I tried to use Grafana Tempo for distributed tracing.
I launch it from docker-compose:
version: "3.9"
services:
# MY MICROSERVICES
...
prometheus:
image: prom/prometheus
ports:
- ${PROMETHEUS_EXTERNAL_PORT}:9090
volumes:
- ./prometheus/prometheus.yml:/etc/prometheus/prometheus.yml:cached
promtail:
image: grafana/promtail
volumes:
- ./log:/var/log
- ./promtail/:/mnt/config
command: -config.file=/mnt/config/promtail-config.yaml
loki:
image: grafana/loki
command: -config.file=/etc/loki/local-config.yaml
tempo:
image: grafana/tempo
command: [ "-config.file=/etc/tempo.yaml" ]
volumes:
- ./tempo/tempo-local.yaml:/etc/tempo.yaml
# - ./tempo-data/:/tmp/tempo
ports:
- "14268" # jaeger ingest
- "3200" # tempo
- "55680" # otlp grpc
- "55681" # otlp http
- "9411" # zipkin
tempo-query:
image: grafana/tempo-query
command: [ "--grpc-storage-plugin.configuration-file=/etc/tempo-query.yaml" ]
volumes:
- ./tempo/tempo-query.yaml:/etc/tempo-query.yaml
ports:
- "16686:16686" # jaeger-ui
depends_on:
- tempo
grafana:
image: grafana/grafana
volumes:
- ./grafana/datasource-config/:/etc/grafana/provisioning/datasources:cached
- ./grafana/dashboards/prometheus.json:/var/lib/grafana/dashboards/prometheus.json:cached
- ./grafana/dashboards/loki.json:/var/lib/grafana/dashboards/loki.json:cached
- ./grafana/dashboards-config/:/etc/grafana/provisioning/dashboards:cached
ports:
- ${GRAFANA_EXTERNAL_PORT}:3000
environment:
- GF_AUTH_ANONYMOUS_ENABLED=true
- GF_AUTH_ANONYMOUS_ORG_ROLE=Admin
- GF_AUTH_DISABLE_LOGIN_FORM=true
depends_on:
- prometheus
- loki
with tempo-local.yaml
:
server:
http_listen_port: 3200
distributor:
receivers: # this configuration will listen on all ports and protocols that tempo is capable of.

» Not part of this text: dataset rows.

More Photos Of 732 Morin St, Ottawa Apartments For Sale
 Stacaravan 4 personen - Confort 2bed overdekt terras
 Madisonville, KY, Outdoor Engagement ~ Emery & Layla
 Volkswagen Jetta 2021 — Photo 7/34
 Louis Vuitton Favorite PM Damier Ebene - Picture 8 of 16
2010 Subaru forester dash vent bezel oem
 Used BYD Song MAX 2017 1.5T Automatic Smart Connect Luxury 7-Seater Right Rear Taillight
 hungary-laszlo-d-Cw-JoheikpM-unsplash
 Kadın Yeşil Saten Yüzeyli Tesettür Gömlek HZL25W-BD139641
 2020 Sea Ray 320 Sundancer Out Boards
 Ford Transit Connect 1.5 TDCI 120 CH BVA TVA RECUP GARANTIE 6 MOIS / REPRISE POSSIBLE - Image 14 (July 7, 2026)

jaeger: # the receives all come from the OpenTelemetry collector. more configuration information can
protocols: # be found there: https://github.com/open-telemetry/opentelemetry-collector/tree/main/receiver
thrift_http: #
grpc: # for a production deployment you should only enable the receivers you need!
thrift_binary:
thrift_compact:
zipkin:
otlp:
protocols:
http:
grpc:
opencensus:
ingester:
trace_idle_period: 10s # the length of time after a trace has not received spans to consider it complete and flush it
max_block_bytes: 1_000_000 # cut the head block when it hits this size or ...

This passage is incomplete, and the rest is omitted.